## Supplied records
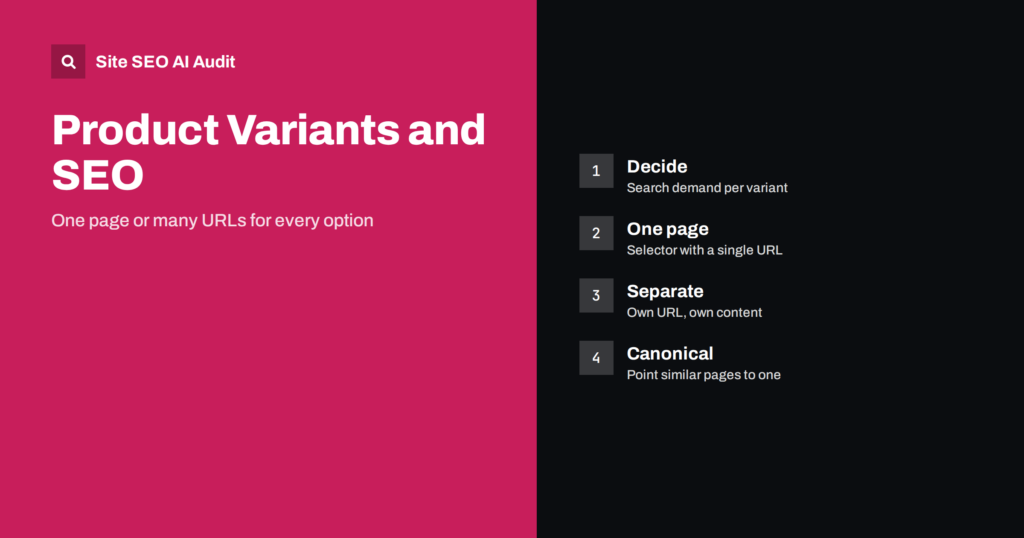 Product Variants and SEO: One Page or Many URLs?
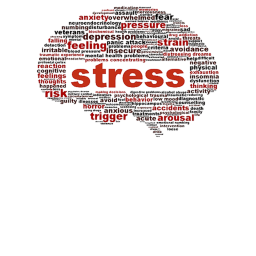 Stress The Game.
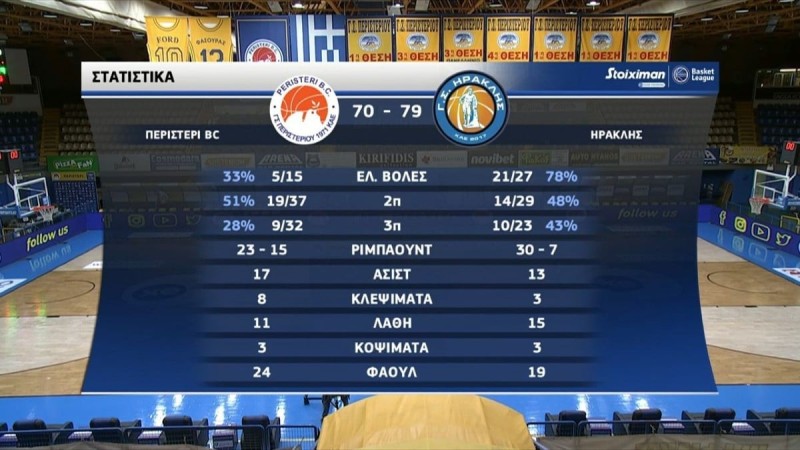 Basket League: «Ροπαλιά» Ηρακλή στο Περιστέρι (Video)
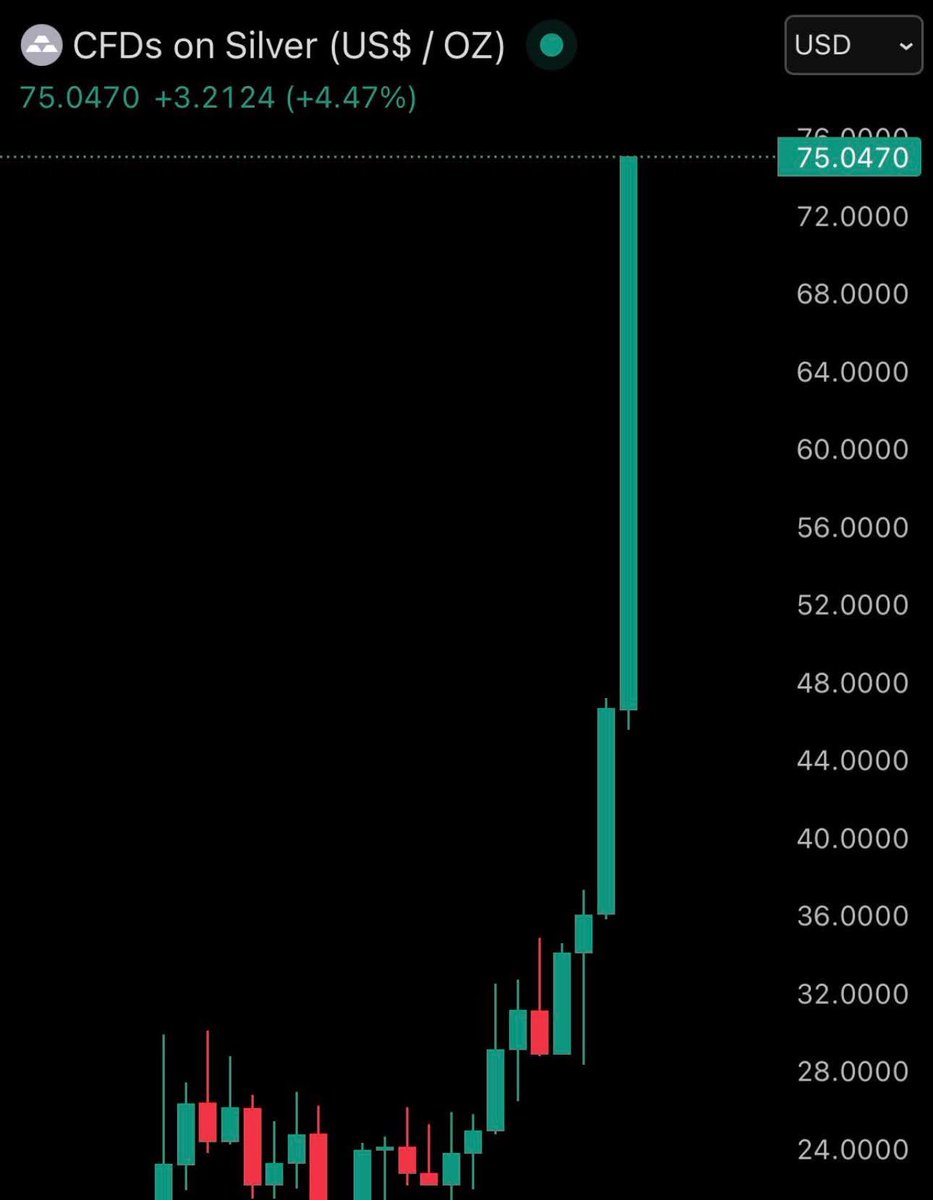WasiqMianG's tweet photo. What we wanna see from alts and $btc we are watching silver to all time high at $75

Thats how 2025 gonna end https://t.co/lNRBS8Titj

## Work request
Your task is to set down each line above verbatim while excluding the pictures.

## Worked solution
 Product Variants and SEO: One Page or Many URLs?
 Stress The Game.
 Basket League: «Ροπαλιά» Ηρακλή στο Περιστέρι (Video)
WasiqMianG's tweet photo. What we wanna see from alts and $btc we are watching silver to all time high at $75

Thats how 2025 gonna end https://t.co/lNRBS8Titj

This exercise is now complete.